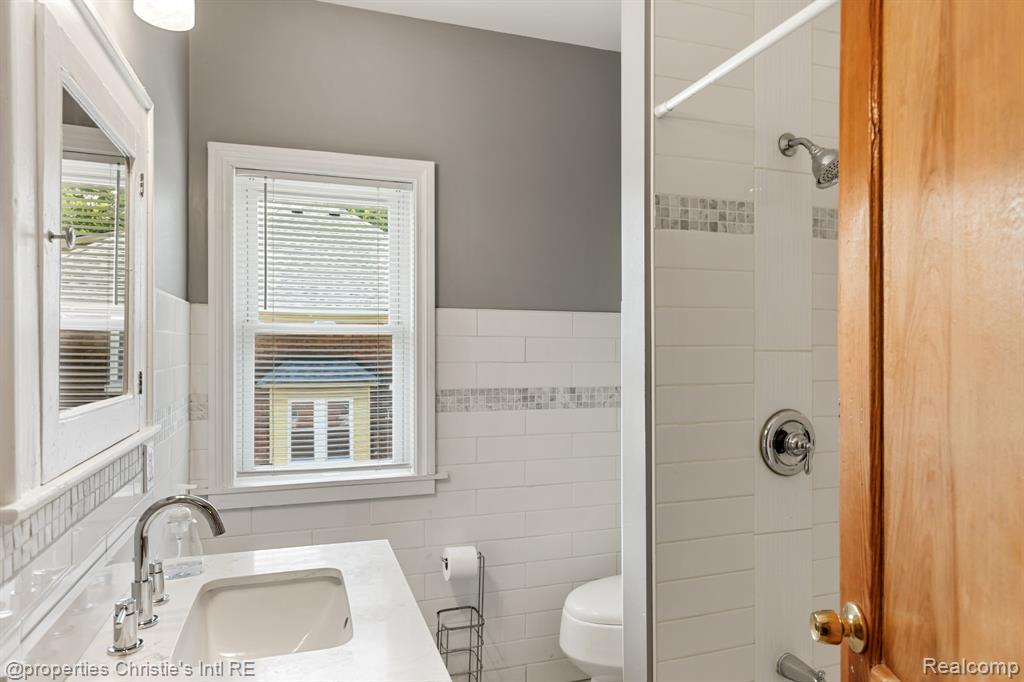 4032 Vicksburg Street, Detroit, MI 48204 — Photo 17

* * *

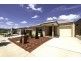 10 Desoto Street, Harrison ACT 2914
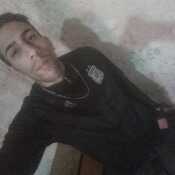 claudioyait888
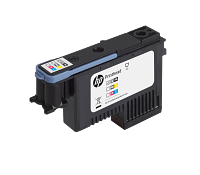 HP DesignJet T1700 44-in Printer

Exercise aim = In the listing above, find the line containing "10 Desoto Street, Harrison ACT 2914" and the line containing "HP DesignJet T1700 44-in Printer". Print those two lines and every line between them exactly, with no pictures.

Task solution =
 10 Desoto Street, Harrison ACT 2914
 claudioyait888
 HP DesignJet T1700 44-in Printer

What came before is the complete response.